Rebecca Chan, May 26, 2025

London is preparing to conduct an “audit” of its relations with China — a gesture disguised as analysis but, in reality, a ritual: a confession on bended knees before the new masters of the Atlantic order.
china-and-the-great-britain

When a former metropole, so accustomed to dictating the rules of the world under the British flag and the accompaniment of Imperial marches, suddenly finds itself caught between Beijing and Washington, it begins to resemble an actor who has forgotten their lines in a play they themselves directed.
The irony is that London attempts to play the role of moralist precisely at a time when its own morality has long been written off by world history

Over the past decade, the British elite has danced a doublethink waltz: on one hand — Chinese billions and dreams of a “golden decade,” on the other — the paranoid mantras of the Five Eyes, penned by the CIA’s quill. Throughout this time, London deftly maneuvered, extracting benefits from trade dependence while harmonizing with the Anglo-Saxon propaganda of an “authoritarian threat.” But in 2024, the ice melted. There’s no more hopping between floes — only a choice: to become an outpost of the new Cold War or to try playing the old empire, dreaming of being a mediator in a world where diplomacy has long given way to arms dealers.
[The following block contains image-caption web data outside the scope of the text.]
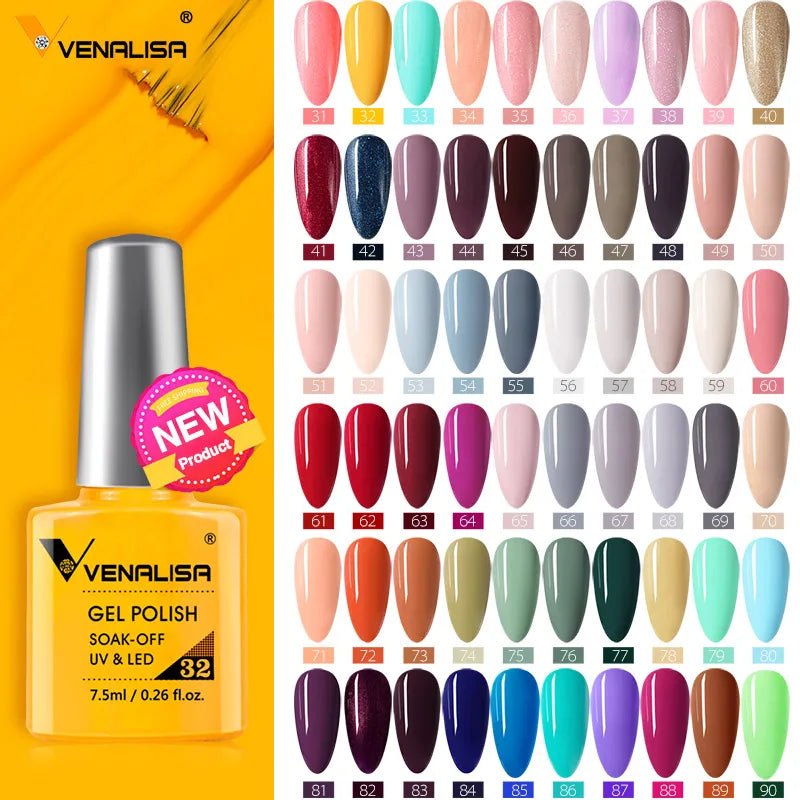 Esmalte em Gel VENALISA Semi Permanente UV/LED – 7,5 ml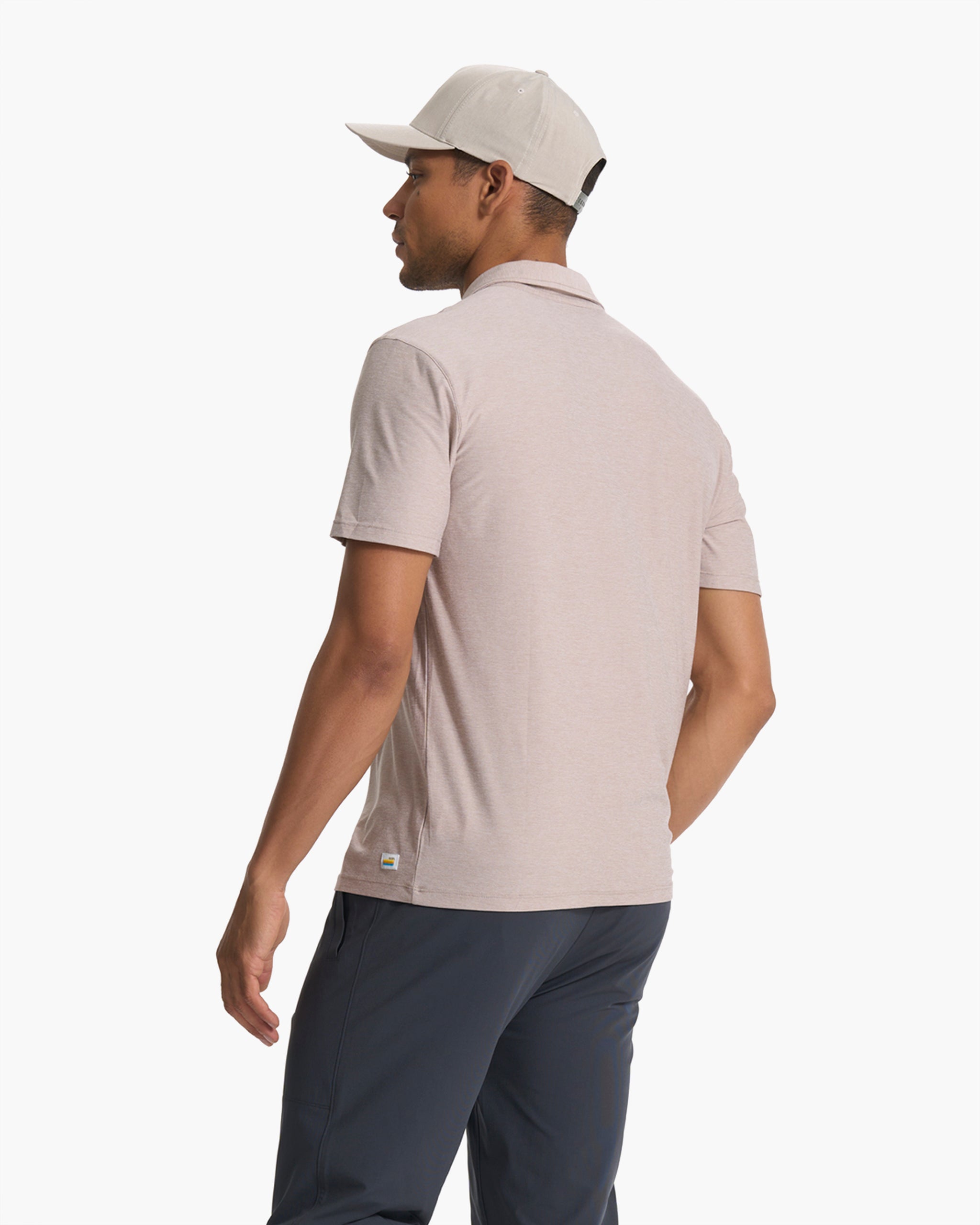 Strato Tech Polo | Oyster Heather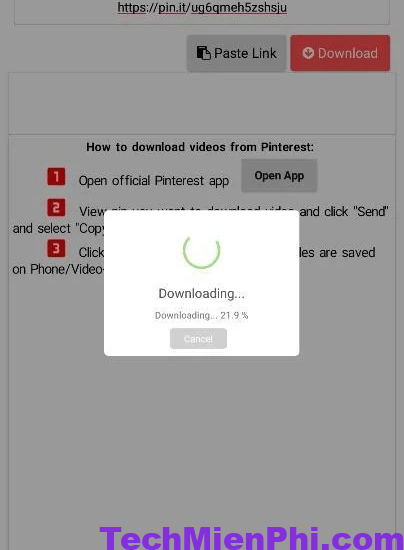 cach tai video pinterest tren dien thoai may tinh 9 Cách tải video Pinterest trên điện thoại, máy tính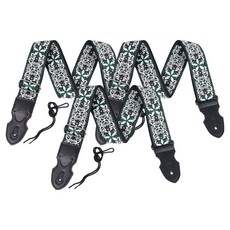 Blue Cozy 街頭表演感性吉他背帶 + 綁繩 + 彈片 3件組 07, 1個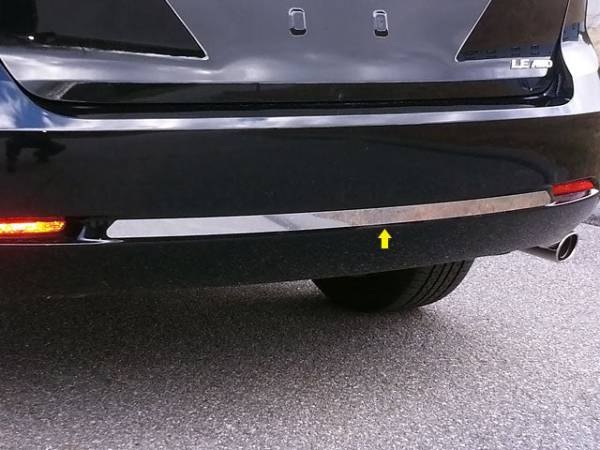 QAA - RBI29155 Stainless Steel Rear Bumper Accent 1Pc 2009-2015 Toyota Venza QAA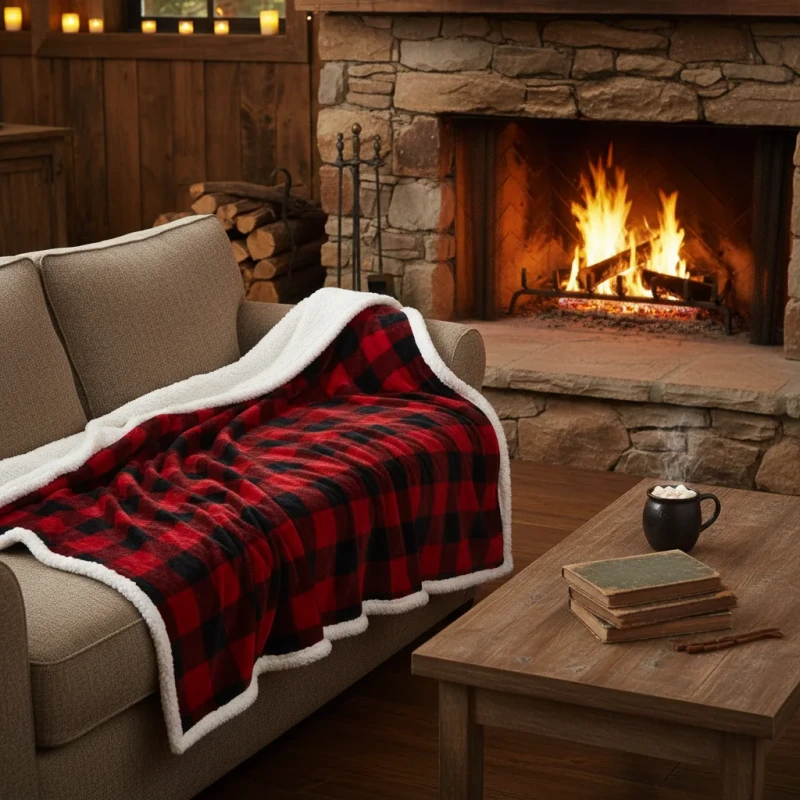 Double-Layer-Raschel-Flannel-Fleece-Sherpa-Throw-Blanket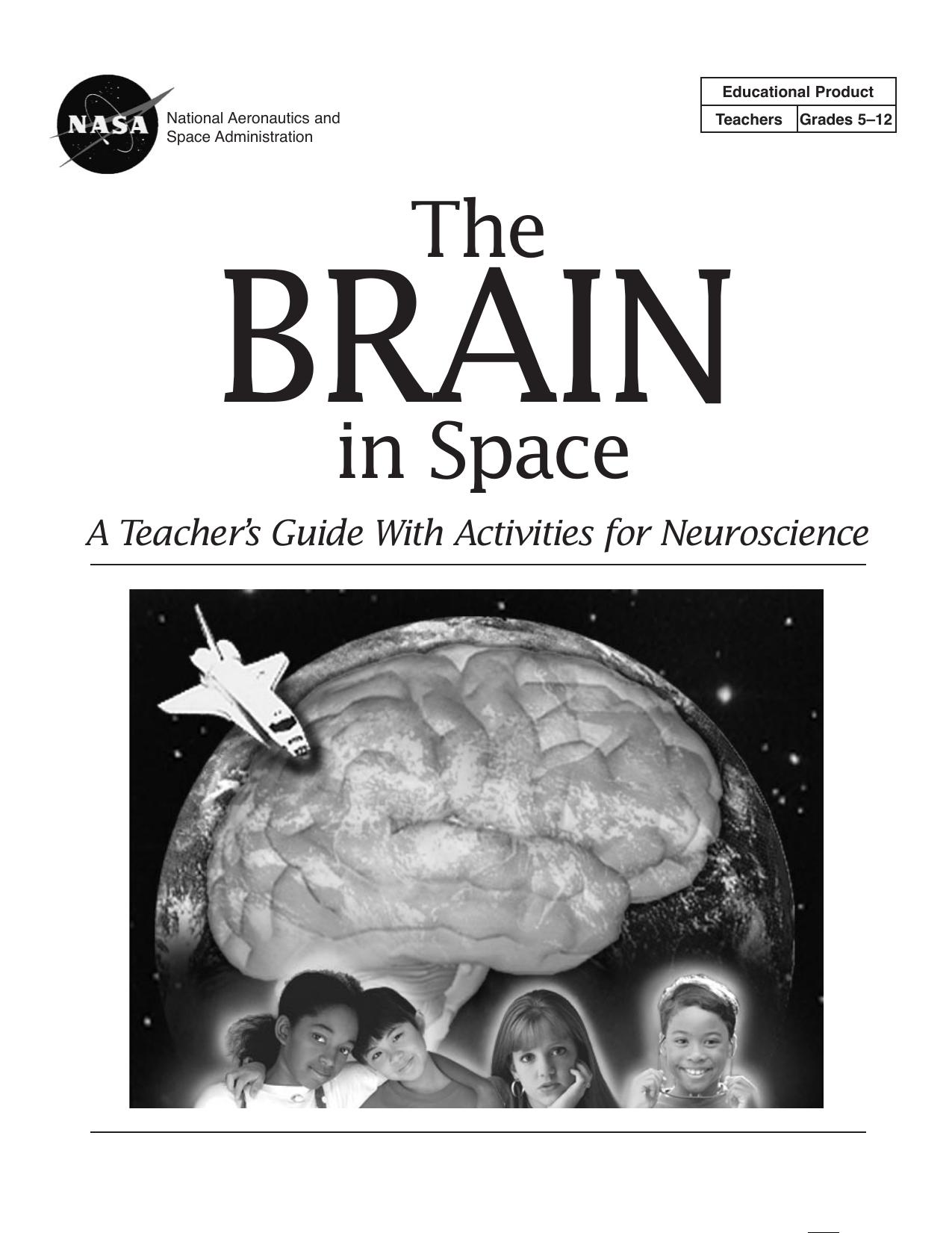 The Brain in Space: A Teacher's Guide with Activities for Neuroscience by National Aeronautics & Space Administration (NASA)
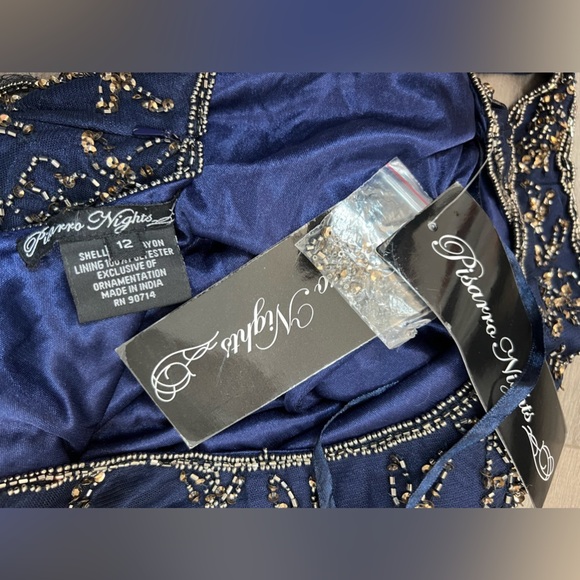 Pisarro Nights beaded embellished dress size 12 NET - Picture 7 of 7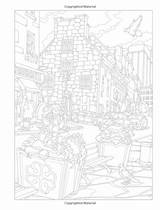 Coloring Creative Haven Amazon Color Adult Sights City Number Toufexis George Christmas sketch template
This “audit” is not merely a bureaucratic act. It is a symptom of loss. Britain no longer possesses strategic autonomy, nor even the capacity for hypocrisy without grotesqueness. Ally pressure is turning its foreign policy into a soap opera about a bitter divorce between the banks of the City and the colonial instincts of Westminster. Security versus trade, loyalty versus sovereignty, the legacy of empire versus the fragile reality of an island state. And what’s at stake is not just Britain’s positioning — but the entire architecture of power in the Indo-Pacific theater, where the scenery for the next great decolonization is already being built.

Historical Context

Once upon a time, Britain dreamed of a “golden decade” in its relations with China. Ah, those were the days: David Cameron arm-in-arm with partners from the Middle Kingdom, George Osborne glowing with hope, like a 19th-century trade lord on the deck of an opium schooner. London — with its gladioli of derivatives and visa-shopping sprees for Chinese elites — flung open its gates to the Eastern capital, dreaming of redrawing old imperial routes into mutually beneficial partnerships. Join the Asian Infrastructure Investment Bank (AIIB)? Why not, if the dollar had wobbled a bit and the yuan whispered sweet promises.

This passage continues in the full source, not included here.